April 17, 2024

Beware Drunk Moose–and Other Blue Law Irregularities















One of the lasting legacies of prohibition is a mishmash of laws by the Federal Government and the states in regulating alcohol. It gets even more complicated when localities get involved and add another layer of regulation.

Our elected officials, in their infinite lack of wisdom, do manage to come up with some ridiculous offerings when regulating one of their favorite targets for social control. This month, just for amusement, I wanted to look at some of the various alcohol blue law favorites from around the country.

No Drunken Fish

The first offer comes from the state of Ohio. The “With God, All Things Are Possible State” for some reason decided that it should be against the law to get a fish drunk. Don’t ask me why or how this came into existence, but at some point the Ohio legislature must have thought giving booze to fish was a serious enough problem to address. Perhaps the answer is where we get the expression “drinks like a fish.”

…Nor Moose

Continuing on the drunken animal theme, we travel to Alaska. The city of Fairbanks, in all grim seriousness I’m sure, decided that it should be against the law to serve moose alcoholic beverages. I’ve never owned a bar, but seeing as how the average moose can’t pay for his or her tab, I don’t anticipate too many owners of a liquor license lining up to pour shots for them anytime soon.

Required Kettle of Soup

Speaking of liquor licenses, if you own one for a bar in the state of Nebraska, you’d be wise to hire a decent chef and give them a good stock pot, because the “Equality Before the Law State” demands that if you sell beer, you must also simultaneously brew a kettle of soup. Now, I get the food and drink combination as it’s a natural pairing, but why specifically soup? Do they count bisques, consommés, and stews, or does it specifically have to be soup?

No Beer in Bed

If you cross the border into Iowa, I’d recommend that men utilize the old 1950s television arrangement of sleeping in separate beds if you’re married, because it’s illegal to drink beer while in bed with your wife. She can have all she wants, and you’re still fine if you’re a wine or hard liquor drinker though. I guess it’s only beer that leads to amorous behavior. I mean, how often do you hear of wine goggles?

Cash Register Radius

Even the highly liberal sunshine state of California, the nexus of the American wine industry, gets in on the curious rule making. If you own a store in the state of California and happen to sell both alcohol and motor fuel, you’re not allowed to display the alcohol within 5 feet of your cash registers. We don’t want to promote drinking and driving after all, so better make sure it’s at least 6 feet away since that’s less tempting.

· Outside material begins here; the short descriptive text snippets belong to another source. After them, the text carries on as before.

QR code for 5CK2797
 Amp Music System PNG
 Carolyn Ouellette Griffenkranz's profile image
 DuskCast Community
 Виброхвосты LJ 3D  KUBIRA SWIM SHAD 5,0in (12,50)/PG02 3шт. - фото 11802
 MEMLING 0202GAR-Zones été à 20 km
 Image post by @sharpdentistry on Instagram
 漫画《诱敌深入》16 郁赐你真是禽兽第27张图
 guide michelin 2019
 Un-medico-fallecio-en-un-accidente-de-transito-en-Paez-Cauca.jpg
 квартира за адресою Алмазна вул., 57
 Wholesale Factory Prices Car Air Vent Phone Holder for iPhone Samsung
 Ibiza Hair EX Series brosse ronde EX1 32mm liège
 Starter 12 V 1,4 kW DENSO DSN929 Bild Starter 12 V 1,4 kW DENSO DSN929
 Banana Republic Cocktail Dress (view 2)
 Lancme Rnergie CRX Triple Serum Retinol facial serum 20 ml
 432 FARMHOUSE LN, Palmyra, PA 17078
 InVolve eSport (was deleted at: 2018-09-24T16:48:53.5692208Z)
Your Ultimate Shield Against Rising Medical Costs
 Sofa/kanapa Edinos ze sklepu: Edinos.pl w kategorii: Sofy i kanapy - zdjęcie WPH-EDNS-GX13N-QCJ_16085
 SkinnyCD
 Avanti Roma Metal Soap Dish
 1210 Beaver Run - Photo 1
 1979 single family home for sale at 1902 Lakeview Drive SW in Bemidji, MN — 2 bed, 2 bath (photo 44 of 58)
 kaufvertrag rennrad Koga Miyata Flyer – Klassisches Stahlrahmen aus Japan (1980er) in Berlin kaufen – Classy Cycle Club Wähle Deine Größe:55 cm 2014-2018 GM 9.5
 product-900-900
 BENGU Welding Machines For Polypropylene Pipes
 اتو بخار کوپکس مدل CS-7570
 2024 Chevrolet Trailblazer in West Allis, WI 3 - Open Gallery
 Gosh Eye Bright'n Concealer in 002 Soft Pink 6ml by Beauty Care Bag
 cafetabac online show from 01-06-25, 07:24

No Beer from a Bucket While Sitting on Curb

The city of St. Louis, Missouri, corporate home of Anheuser-Busch (at least it was before the Belgians bought the company), decided that no one should be allowed to sit on a street curb and drink beer from a bucket. Only buckets are outlawed though, so carafes, tureens, ceramic jars, or even troughs are all acceptable containers. However, be careful not to leave your trough behind, because anyone under the age of 21 handling your empty container is considered being in illegal possession of alcohol under state laws.

$10,000 Gift Bag

While shopping for wine gifts in New York, make sure to plan for two stops as you can buy the wine, the wine glasses, stoppers, pourers, corkscrews, etc., etc. at any eligible shop with a liquor license, but you can’t buy the gift bag. It’s a $10,000 fine.

Winter Entertainment

If you’re a fall down drunk, I highly recommend moving to Minnesota. Most states and localities ban public intoxication, but the “L’Etoile du Nord State” has specifically not made public intoxication a crime under the 1999 statute 340A.902. I guess drunk watching is a form of entertainment in the bitter cold winter.

No Refreshing Booze

The one odd federal law to toss into the mix comes from the Bureau of Alcohol, Tobacco, and Firearms. It’s carried over to the current TTB as well. Producers are not allowed to use the word “refreshing” to describe their product.  So, even though the TTB doesn’t allow it, enjoy a “refreshing” cold alcoholic beverage this summer.

Just remember to drink responsibly and don’t give it to a moose or fish, drink it from a bucket on the curb, or with your wife in bed.